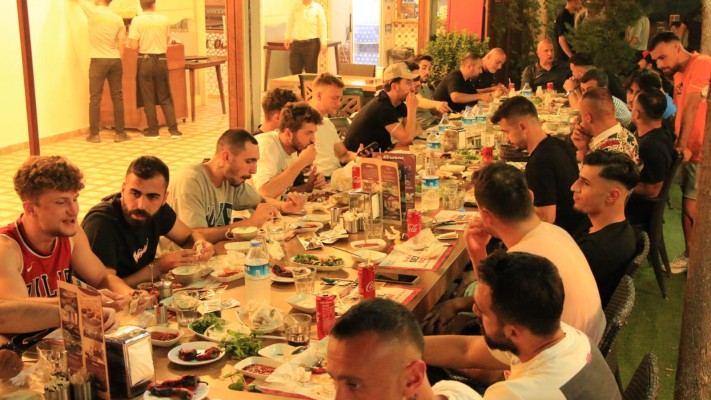 Şanlıurfaspor’da izin sona erdi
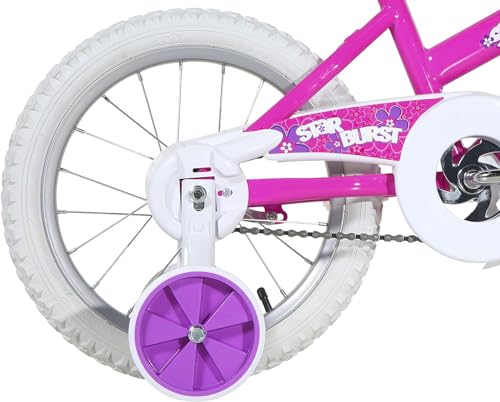 Image of Dynacraft Childrens Bike Star Burst Bicycle Wheel for Exercise, Play, Gift Bicycle for Girls, Boys Ride Outside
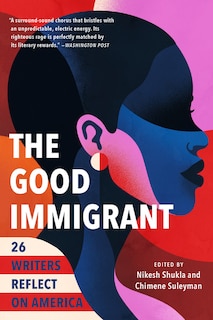 Front cover_The Good Immigrant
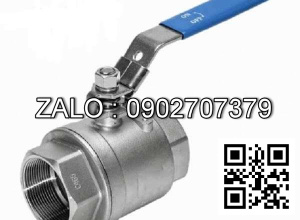 Van bi ren 2 PC SUS 316 DN40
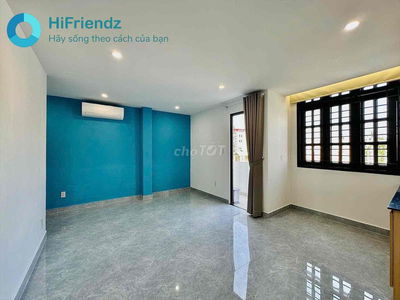 STUDIO BANCOL DIỆN TÍCH RỘNG, SIÊU THOÁNG GẦN CVPM QUANG TRUNG
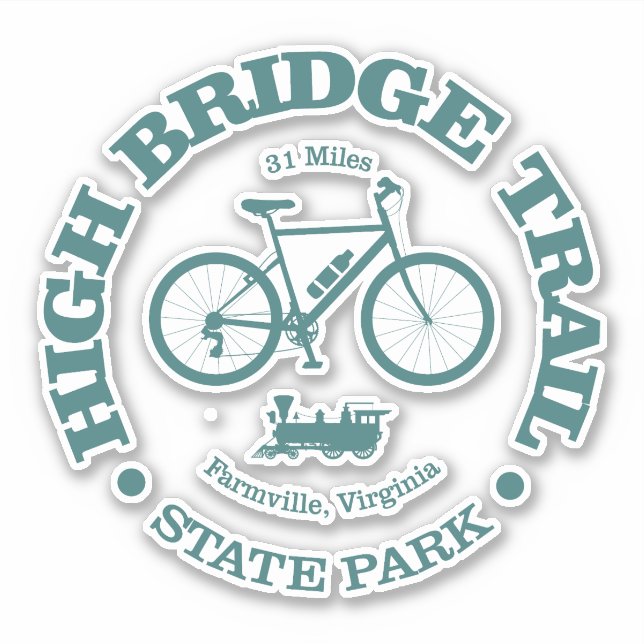 High Bridge Trail (cycling) (Front)
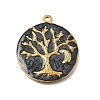 304 Stainless Steel Pendants STAS-N108-111G-2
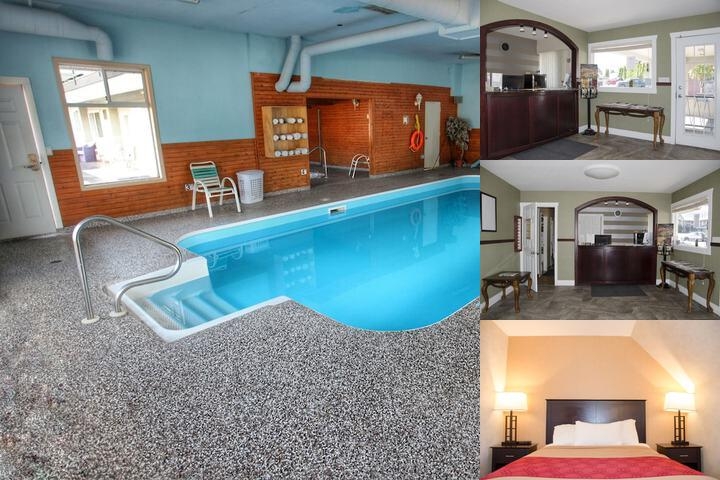 Best Budget Inn and Suites photo collage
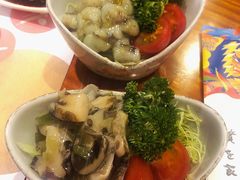 芥末章鱼-肉魁屋·烧肉·烧鸟·酒场(高新店)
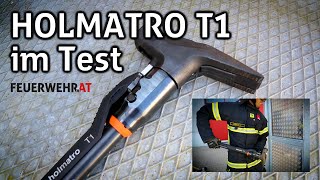 Holmatro T1 im Praxistest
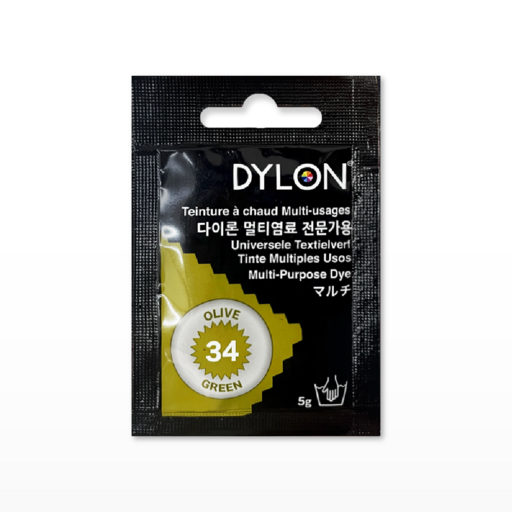 DYLON 다이론 멀티염료 옷염색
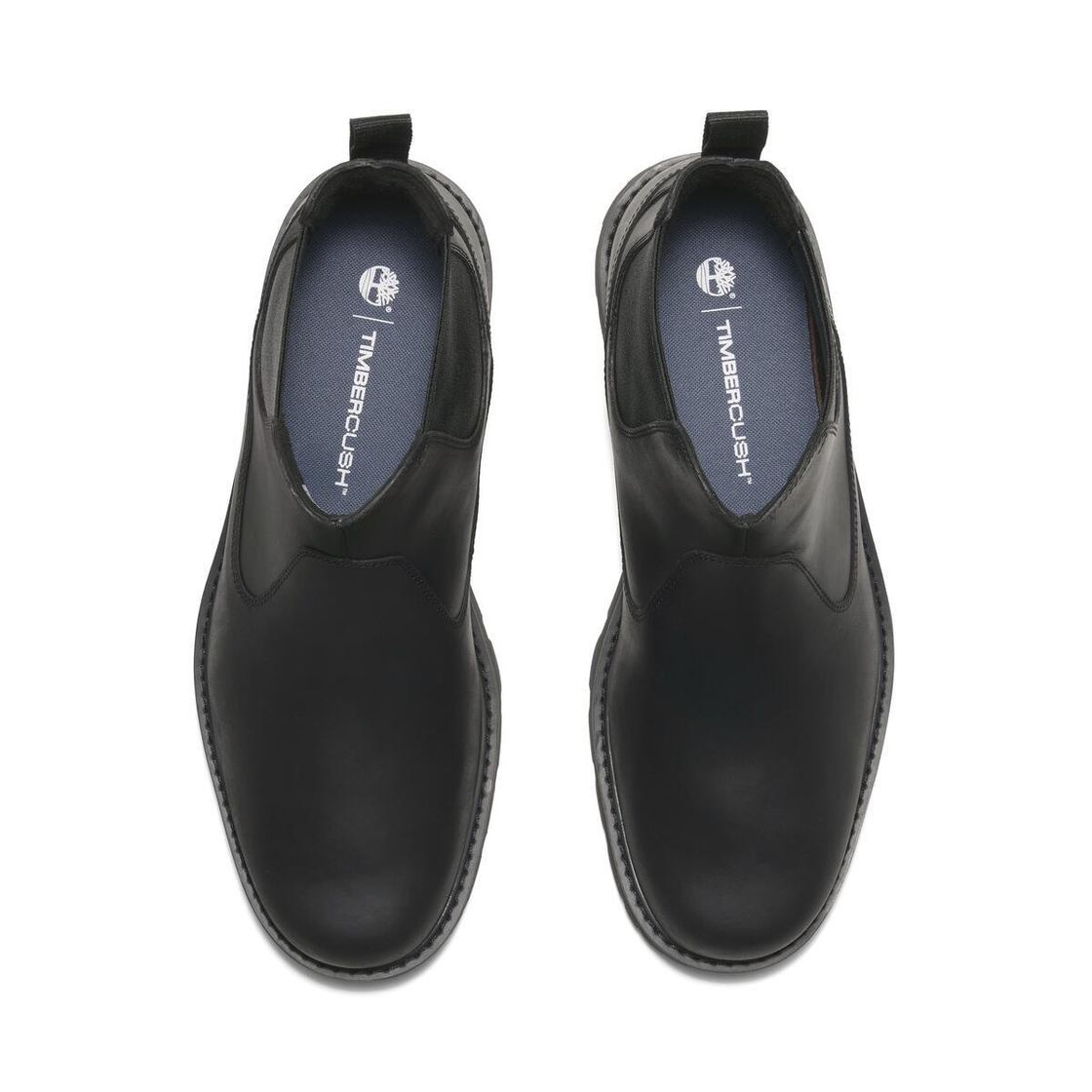 Timberland A6A4W BRITTON ROAD MID CHELSEA - Schwarz - Sohle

= = = = = = =

Task directions:
Write out the records once more, exactly as they stand, with no images.

Solution to this exercise:
 Şanlıurfaspor’da izin sona erdi
 Image of Dynacraft Childrens Bike Star Burst Bicycle Wheel for Exercise, Play, Gift Bicycle for Girls, Boys Ride Outside
 Front cover_The Good Immigrant
 Van bi ren 2 PC SUS 316 DN40
 STUDIO BANCOL DIỆN TÍCH RỘNG, SIÊU THOÁNG GẦN CVPM QUANG TRUNG
 High Bridge Trail (cycling) (Front)
 304 Stainless Steel Pendants STAS-N108-111G-2
 Best Budget Inn and Suites photo collage
 芥末章鱼-肉魁屋·烧肉·烧鸟·酒场(高新店)
 Holmatro T1 im Praxistest
 DYLON 다이론 멀티염료 옷염색
 Timberland A6A4W BRITTON ROAD MID CHELSEA - Schwarz - Sohle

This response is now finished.